There was a 40% decline in new mortgage lending in the month of April, according to the latest figures from the Central Bank.

Total new mortgage lending in the month amounted to €407 million which, as in previous months, was made up mainly of new fixed rate mortgages.

Commenting on the figures, Brokers Ireland said, given that the pandemic was at its height during the month, the drop in new mortgage agreements was not surprising. 

The magnitude of the decline, it said, was likely to signal a much more cautious attitude by lenders, as well as consumers.

"A lot now depends on how quickly the country can recover from the devastation of the pandemic and how employment levels will hold up," Rachel McGovern, Director of Financial Services at Brokers Ireland, which represents 1,250 Broker firms, said.

The Association of Irish Mortgage Advisors said there had been marked increase in activity in the mortgage market since restrictions were lifted.

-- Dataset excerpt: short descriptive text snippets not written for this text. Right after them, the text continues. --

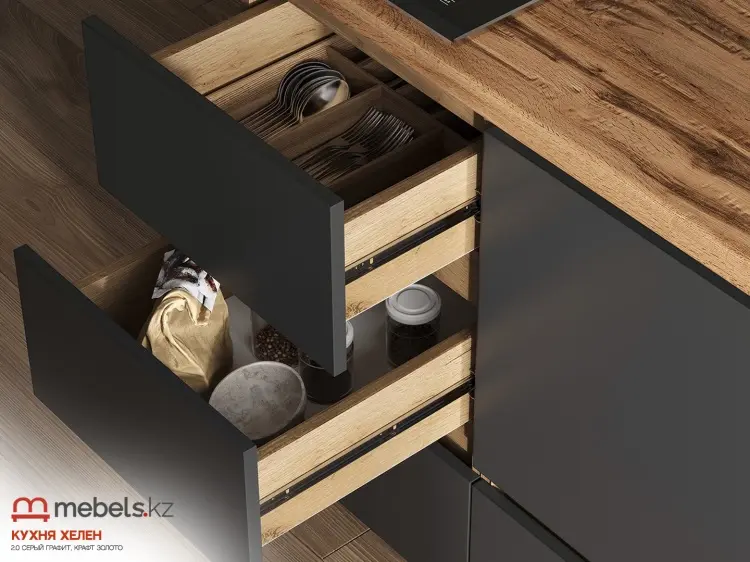 Кухонный гарнитур Mebels.kz , 200x216х60 см, ЛДСП, серый купить,NaN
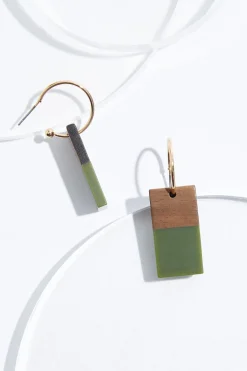 Cato Wood Lucite Rectangle Hoop Earrings> Earrings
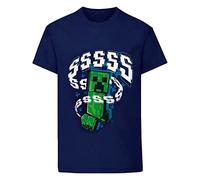 Minecraft Kids Creeper - Maglietta unisex, blu scuro, Blu scuro, 4 anni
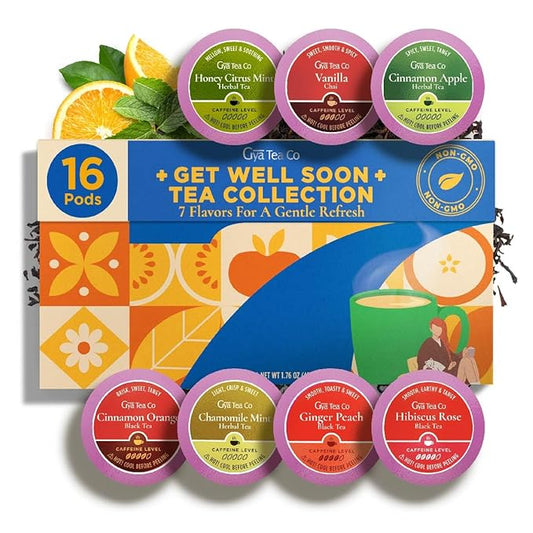 Gya Tea Co Get Well Soon Collection Tea Gift Set (16 ct) - 7 Flavors Assorted Tea Pod Variety Pack with Hibiscus Rose, Cinnamon & Ginger Peach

"Although obviously reduced, the falls have not been quite as big as anticipated with the volumes of applications remaining relatively strong in May among our members particularly for those based in the cities," Trevor Grant, CEO of AIMA said.

"The applicants that can afford to borrow €300,000 and over to buy a house in Dublin or elsewhere typically work in secure employment that hasn't been impacted by COVID-19," he added.

The Central Bank figures also revealed the extent to which Irish mortgage holders pay more on average than their euro area counterparts.

"The differential, 1.49%, costs Irish consumers over €80,000 on a €300,000 mortgage over 30 years," Rachel McGovern said.

"Since your mortgage tends to be the biggest outlay from your income, and the fact that its repayable over a very long time, typically 25 to 30 years, the consequences of even a half or 1% differential are huge," she added.

The price comparison website bonkers.ie said the differential between the euro zone average and here meant first time buyers in Ireland were paying almost €170 more each month on average.

"For all the talk of falling interest rates and a mortgage price war in recent months, mortgage rates in Ireland still remain hugely elevated compared to our euro zone neighbours," Daragh Cassidy, Head of Communications at the comparison and switching website bonkers.ie, said.

"There is still a lack of competition in the Irish mortgage market as it remains heavily concentrated in the hands of a few main banks."